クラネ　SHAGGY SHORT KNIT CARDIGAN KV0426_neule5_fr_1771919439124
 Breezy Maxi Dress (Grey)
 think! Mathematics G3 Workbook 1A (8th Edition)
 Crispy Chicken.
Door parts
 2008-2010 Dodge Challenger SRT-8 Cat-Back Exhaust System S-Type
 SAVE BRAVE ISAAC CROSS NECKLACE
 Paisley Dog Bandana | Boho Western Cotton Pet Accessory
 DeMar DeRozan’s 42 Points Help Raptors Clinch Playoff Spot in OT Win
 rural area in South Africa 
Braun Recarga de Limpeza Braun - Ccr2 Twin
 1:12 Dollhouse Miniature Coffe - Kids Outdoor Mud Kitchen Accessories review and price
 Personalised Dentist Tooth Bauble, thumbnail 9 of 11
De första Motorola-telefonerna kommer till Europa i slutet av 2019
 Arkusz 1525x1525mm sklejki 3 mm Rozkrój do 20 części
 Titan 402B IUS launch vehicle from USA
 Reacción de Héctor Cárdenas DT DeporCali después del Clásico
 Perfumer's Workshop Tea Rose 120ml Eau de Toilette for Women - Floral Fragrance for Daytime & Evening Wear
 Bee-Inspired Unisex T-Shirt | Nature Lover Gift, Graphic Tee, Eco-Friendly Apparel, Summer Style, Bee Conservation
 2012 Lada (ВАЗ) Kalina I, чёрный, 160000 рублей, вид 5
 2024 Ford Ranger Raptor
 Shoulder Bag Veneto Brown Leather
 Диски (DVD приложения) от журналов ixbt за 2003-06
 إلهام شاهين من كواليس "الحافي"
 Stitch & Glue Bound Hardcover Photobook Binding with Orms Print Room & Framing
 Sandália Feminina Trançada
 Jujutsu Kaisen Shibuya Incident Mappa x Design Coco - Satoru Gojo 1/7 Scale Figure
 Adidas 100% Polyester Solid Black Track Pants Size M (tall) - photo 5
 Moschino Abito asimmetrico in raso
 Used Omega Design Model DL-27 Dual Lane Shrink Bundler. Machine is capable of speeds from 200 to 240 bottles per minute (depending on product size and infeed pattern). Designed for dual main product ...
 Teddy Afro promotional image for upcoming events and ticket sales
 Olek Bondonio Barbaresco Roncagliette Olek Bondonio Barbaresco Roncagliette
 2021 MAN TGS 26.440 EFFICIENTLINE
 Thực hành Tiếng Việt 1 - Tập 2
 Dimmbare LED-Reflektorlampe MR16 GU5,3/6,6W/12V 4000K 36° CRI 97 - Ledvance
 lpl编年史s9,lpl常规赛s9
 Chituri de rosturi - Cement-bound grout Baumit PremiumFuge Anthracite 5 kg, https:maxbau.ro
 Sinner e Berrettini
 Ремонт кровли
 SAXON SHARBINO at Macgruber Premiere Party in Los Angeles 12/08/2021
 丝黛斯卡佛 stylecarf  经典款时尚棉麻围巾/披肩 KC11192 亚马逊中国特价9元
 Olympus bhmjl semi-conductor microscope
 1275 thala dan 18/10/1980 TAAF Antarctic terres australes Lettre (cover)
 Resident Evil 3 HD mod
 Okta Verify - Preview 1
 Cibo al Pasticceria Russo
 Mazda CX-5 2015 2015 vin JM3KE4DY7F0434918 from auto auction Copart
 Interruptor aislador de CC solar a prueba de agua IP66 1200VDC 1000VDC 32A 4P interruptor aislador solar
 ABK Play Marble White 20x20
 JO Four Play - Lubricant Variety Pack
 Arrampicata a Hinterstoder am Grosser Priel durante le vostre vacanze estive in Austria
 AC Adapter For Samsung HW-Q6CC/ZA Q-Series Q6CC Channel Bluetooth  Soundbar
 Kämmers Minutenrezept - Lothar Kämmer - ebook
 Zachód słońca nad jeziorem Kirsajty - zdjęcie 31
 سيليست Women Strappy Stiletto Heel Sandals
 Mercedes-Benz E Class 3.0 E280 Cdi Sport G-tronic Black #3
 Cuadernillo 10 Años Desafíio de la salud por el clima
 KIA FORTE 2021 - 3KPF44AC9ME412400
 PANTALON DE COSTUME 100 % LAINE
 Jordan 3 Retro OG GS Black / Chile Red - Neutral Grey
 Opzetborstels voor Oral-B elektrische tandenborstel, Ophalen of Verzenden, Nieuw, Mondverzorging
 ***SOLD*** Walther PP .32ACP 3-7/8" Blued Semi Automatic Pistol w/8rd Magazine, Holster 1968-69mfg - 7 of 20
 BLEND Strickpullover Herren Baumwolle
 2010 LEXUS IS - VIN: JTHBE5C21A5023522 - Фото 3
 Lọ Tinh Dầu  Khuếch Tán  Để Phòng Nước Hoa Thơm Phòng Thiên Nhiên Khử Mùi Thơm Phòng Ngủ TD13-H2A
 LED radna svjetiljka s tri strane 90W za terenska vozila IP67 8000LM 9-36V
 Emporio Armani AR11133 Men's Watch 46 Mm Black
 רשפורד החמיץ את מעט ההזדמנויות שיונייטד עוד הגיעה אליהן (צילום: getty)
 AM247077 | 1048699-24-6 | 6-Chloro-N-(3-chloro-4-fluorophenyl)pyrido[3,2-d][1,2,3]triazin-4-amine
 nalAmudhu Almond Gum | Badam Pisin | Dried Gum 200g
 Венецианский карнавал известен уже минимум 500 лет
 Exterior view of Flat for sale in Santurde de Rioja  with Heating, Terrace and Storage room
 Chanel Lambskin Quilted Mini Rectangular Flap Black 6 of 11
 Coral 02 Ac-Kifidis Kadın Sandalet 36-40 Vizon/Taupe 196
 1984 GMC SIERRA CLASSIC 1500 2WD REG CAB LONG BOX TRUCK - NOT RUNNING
☆ ☆ ☆ ☆
Would you quote everything above from the line containing "ABK Play Marble White 20x20" down to the line containing "Cuadernillo 10 Años"? Include both of those lines and nothing else.

 ABK Play Marble White 20x20
 JO Four Play - Lubricant Variety Pack
 Arrampicata a Hinterstoder am Grosser Priel durante le vostre vacanze estive in Austria
 AC Adapter For Samsung HW-Q6CC/ZA Q-Series Q6CC Channel Bluetooth  Soundbar
 Kämmers Minutenrezept - Lothar Kämmer - ebook
 Zachód słońca nad jeziorem Kirsajty - zdjęcie 31
 سيليست Women Strappy Stiletto Heel Sandals
 Mercedes-Benz E Class 3.0 E280 Cdi Sport G-tronic Black #3
 Cuadernillo 10 Años Desafíio de la salud por el clima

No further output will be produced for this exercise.